Home | News    Monday 26 June 2006

South Sudanese teenager transforms pain into art


By Joyce Mulama

Jun 25, 2006 (NAIROBI) — The drawing shows a woman clasping a child to her chest. Aptly titled ’Embrace’, it depicts a memory that has haunted the artist, a former child soldier from the civil war in southern Sudan who goes by the name of Commander Spoon.

"This woman was carrying one baby on her chest, and holding two others in both her hands. As she was fleeing the fighting, she met me and my colleague. She was crying, asking us not to shoot them, but my colleague shot her and her children," said Spoon, describing an incident that took place in 1997.

"I really cried, and drew my gun at my colleague: I wanted to kill him. He drew his at me, but our commander intervened and we dropped the weapons...Since that time, the picture of this woman remains vivid in my mind."

The image will also be imprinted on the minds of others, on World Refugee Day (Jun. 20). Spoon’s drawing has been copied on T-shirts to be worn by those taking part in events to commemorate the day in Kenya, where the teenager now lives as a refugee.
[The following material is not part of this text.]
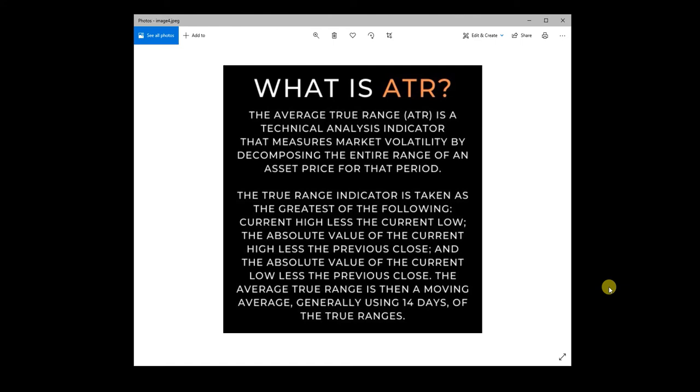All right guys, it's Dave with Build Alpha back with another technical analysis basics video. What is ATR? ATR is the average true range.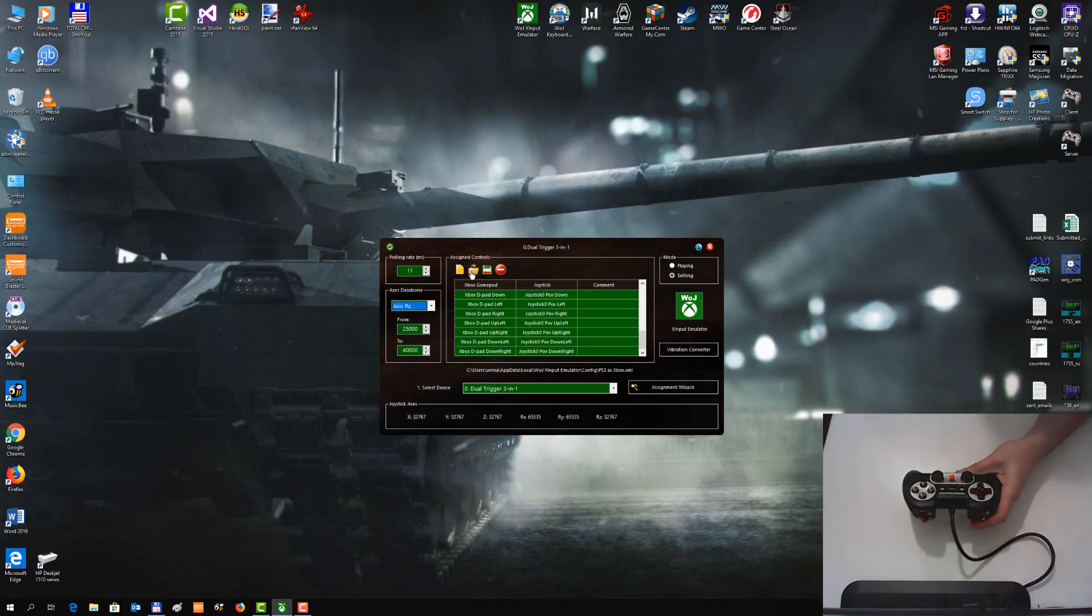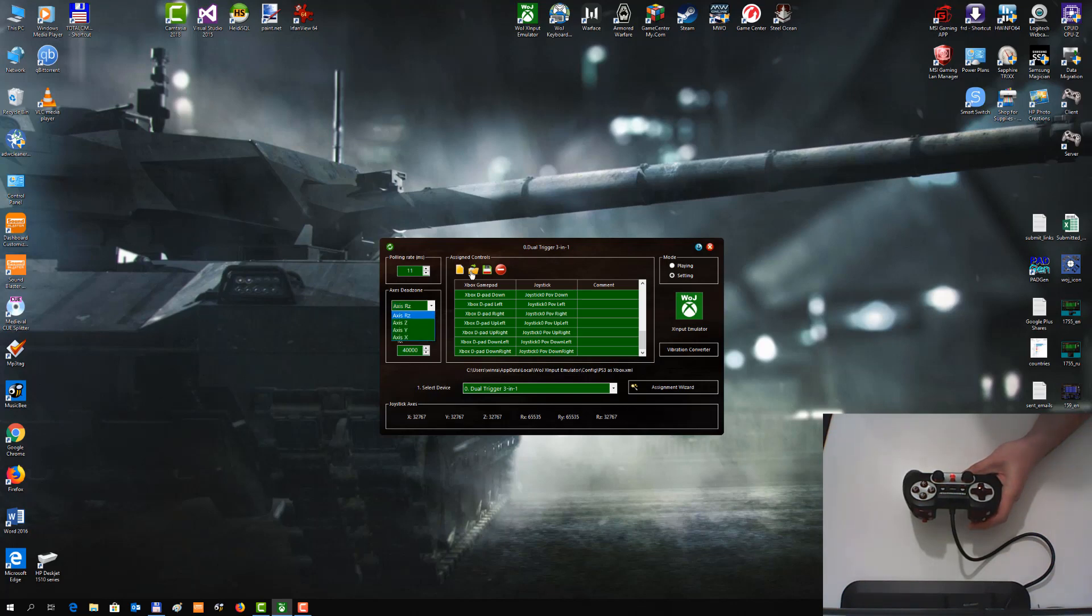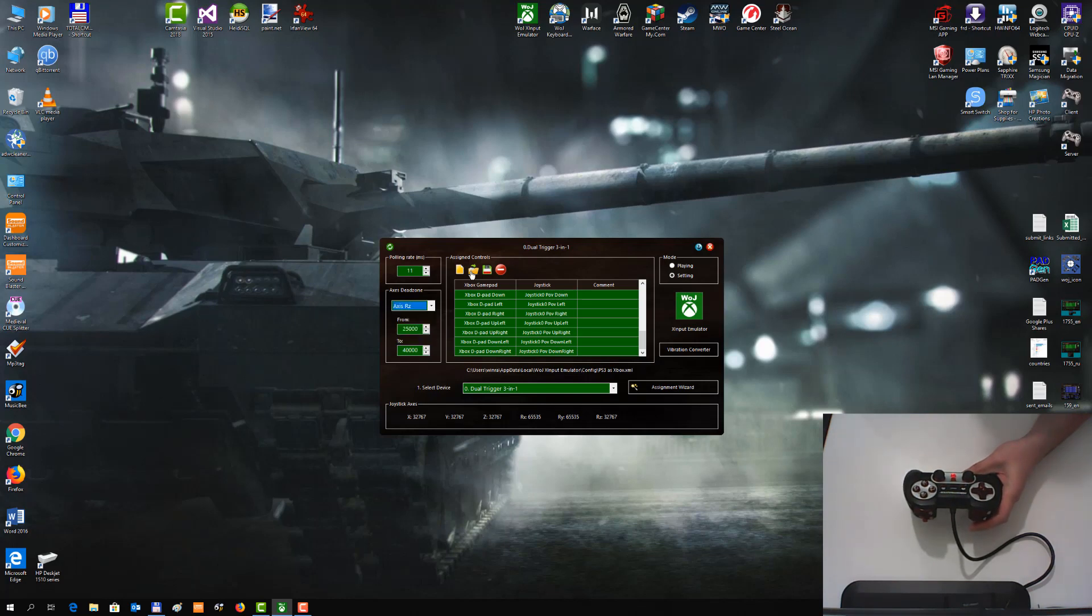You can see 6 axis in the bottom. But only 4 of them are in the Dead Zone Selector. It is because Dead Zone features do not support triggers, Rx and Ry.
This comes after the work took second place in a contest for child refugees attending schools in the capital, Nairobi, which was initiated by the local office of the United Nations High Commissioner for Refugees (UNHCR) — attracting 180 entries.

The soft-spoken ex-fighter says the woman who got shot was dressed in orange, and the baby at her chest in purple. These colours have been used in the drawing, which shows the figures positioned against a black background. Red has also been used, to depict the blood that was shed by the woman and her children.

Spoon told IPS that he wanted to show the world what had happened in Sudan during the 21-year war between rebels from the Sudan People’s Liberation Movement/Army (SPLM/A) and the Khartoum government. About two million people died in the course of the conflict, which also displaced close to four million, according to the United Nations.

The incident shown in ’Embrace’ was just one of several that Spoon says he witnessed after being recruited to the SPLM/A. Unable to deal with these events, he eventually fled to neighbouring Uganda, then Kenya in 2004. He is now in the Riruta Satellite Primary School in Nairobi.

Following an agreement last year to end fighting in south Sudan, Spoon would have liked to return home. But, the devastation wrought by the conflict gave him pause for thought.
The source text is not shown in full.